「 イスラム原理主義であり、かつ反イスラエルで世界的に知られるイランには、イスラエルに次いで中東諸国のなかで、ユダヤ人が多く住んでいるということのようだ。
一体どうしてなのだろうと思うが、イランには古くからユダヤ人が住んでいたのだ。彼らは何百年あるいは、1000年以上にも渡ってイランに住み着いており、まさにイランこそが父祖の地になっているのだ。
それでは一体どの程度のユダヤ人が住んでおり、どのような環境に彼らは暮らしているのだろうかという疑問が湧いてくる。実はイランではユダヤ人は何の宗教的迫害も受けることなく、宗教の自由を満喫しているのだ。
それとは対照的に、イランに始まる拝火教徒(ソロアスター教徒)はというと、彼らは宗教的差別や場合によっては、弾圧をうけることもあるのだ。その理由は、ユダヤ教徒がアブラハムの宗教、つまり天啓宗教の信者であるのに対し、ゾロアスター教徒は火を拝む宗教だからだ。
イスラム教徒にはユダヤ教やキリスト教は、同じ唯一の神によってもたらされた宗教、という認識があるのだ。したがって、宗教的差別をしないのは、宗教的教理によるものなのだ。
もちろん、同時に政治的な対外宣伝の意味もあって、ユダヤ教徒は迫害を受けていないのかもしれない。それは他のイスラム教の国で、キリスト教徒との対立を見ると、そう思えるふしもないではない。
イランのユダヤ教徒は宗教的自由を保障されたなかで、現在25000人が住んでいるということだが、そのほとんどは首都のテヘラン市に居住しているものと思われる。それ以外にも、地方の大都市たとえばイスファハーン市などには、ユダヤ教徒のコミュニテイがあるものと思われる。
しかし、イランのユダヤ教徒が安全と自由と権利を保障されているのは、案外最近のことかもしれない。1960年代には多くのイランのユダヤ教徒が、イスラエルに移住したのだ。
そのイランから移住したユダヤ教徒は、現在イスラエルに10万人から20万人いると言われており、イスラエル国内ではそれなりの存在感が、あるのではないか。

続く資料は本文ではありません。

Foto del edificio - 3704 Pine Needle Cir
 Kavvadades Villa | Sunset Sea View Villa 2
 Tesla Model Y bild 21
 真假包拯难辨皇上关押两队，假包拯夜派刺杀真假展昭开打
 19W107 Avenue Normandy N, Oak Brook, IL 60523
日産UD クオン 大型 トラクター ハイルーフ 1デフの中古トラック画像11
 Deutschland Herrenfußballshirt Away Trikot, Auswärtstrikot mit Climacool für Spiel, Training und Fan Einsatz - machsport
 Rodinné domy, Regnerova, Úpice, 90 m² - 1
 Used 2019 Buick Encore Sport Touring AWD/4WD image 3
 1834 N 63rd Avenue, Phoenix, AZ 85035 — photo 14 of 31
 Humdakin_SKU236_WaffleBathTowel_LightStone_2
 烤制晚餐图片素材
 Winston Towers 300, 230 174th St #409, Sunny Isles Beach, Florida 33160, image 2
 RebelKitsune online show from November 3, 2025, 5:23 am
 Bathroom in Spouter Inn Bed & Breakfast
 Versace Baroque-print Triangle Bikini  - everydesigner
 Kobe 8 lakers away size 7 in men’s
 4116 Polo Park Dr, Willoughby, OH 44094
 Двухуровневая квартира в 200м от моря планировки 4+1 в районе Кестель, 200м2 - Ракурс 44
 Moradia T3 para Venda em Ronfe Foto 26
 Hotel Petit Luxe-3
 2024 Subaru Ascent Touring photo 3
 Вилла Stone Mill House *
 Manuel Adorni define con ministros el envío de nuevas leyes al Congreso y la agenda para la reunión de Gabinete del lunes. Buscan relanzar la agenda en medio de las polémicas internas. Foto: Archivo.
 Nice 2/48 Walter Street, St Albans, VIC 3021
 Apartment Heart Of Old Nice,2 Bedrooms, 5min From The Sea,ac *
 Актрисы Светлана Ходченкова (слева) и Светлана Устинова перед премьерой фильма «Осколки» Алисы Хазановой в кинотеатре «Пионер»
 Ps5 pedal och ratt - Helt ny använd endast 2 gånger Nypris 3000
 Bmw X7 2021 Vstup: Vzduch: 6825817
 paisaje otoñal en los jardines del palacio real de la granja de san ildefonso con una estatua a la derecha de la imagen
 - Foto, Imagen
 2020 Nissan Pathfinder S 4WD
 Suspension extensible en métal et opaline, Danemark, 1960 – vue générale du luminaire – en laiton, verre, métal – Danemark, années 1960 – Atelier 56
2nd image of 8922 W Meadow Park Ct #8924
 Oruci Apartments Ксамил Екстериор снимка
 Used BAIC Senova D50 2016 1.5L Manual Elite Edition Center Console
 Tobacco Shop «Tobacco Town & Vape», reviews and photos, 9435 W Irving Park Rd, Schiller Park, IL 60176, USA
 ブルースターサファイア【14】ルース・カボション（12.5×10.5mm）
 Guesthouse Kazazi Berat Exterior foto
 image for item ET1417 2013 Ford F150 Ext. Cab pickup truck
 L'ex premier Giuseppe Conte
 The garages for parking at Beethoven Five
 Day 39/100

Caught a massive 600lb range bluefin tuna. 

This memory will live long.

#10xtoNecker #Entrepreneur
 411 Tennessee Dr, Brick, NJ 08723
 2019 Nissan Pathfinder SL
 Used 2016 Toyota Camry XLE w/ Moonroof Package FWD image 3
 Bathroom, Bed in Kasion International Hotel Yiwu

彼らは最近のイスラエルとイランとの緊張状態を、どう受け止め、どう考えているのであろうか。あるイランから移住したユダヤ教徒は、イランに対する強硬な対応は、事態を悪化させると語り、その理由を次のように述べている。
1:外圧をかけることはイランの現体制に、正統性を持たせ延命させてしまう。
2:外圧をかけることはイラン側に、核兵器を作りたいという願望を強める。
確かにその通りであろう。イランではハメネイ最高指導者が、核兵器を開発することはハラーム(罪悪)だ、という宗教裁定を下している。したがって、イランが独自の意思で核兵器を開発することは考えられないが、イスラエルが核兵器で恫喝する場合は、その限りではなかろう。
同じイスラム国家であるパキスタンは、インドが核兵器を開発したことによって、防衛目的の核兵器の保有はハラール(許される行為)、と判断しているからだ。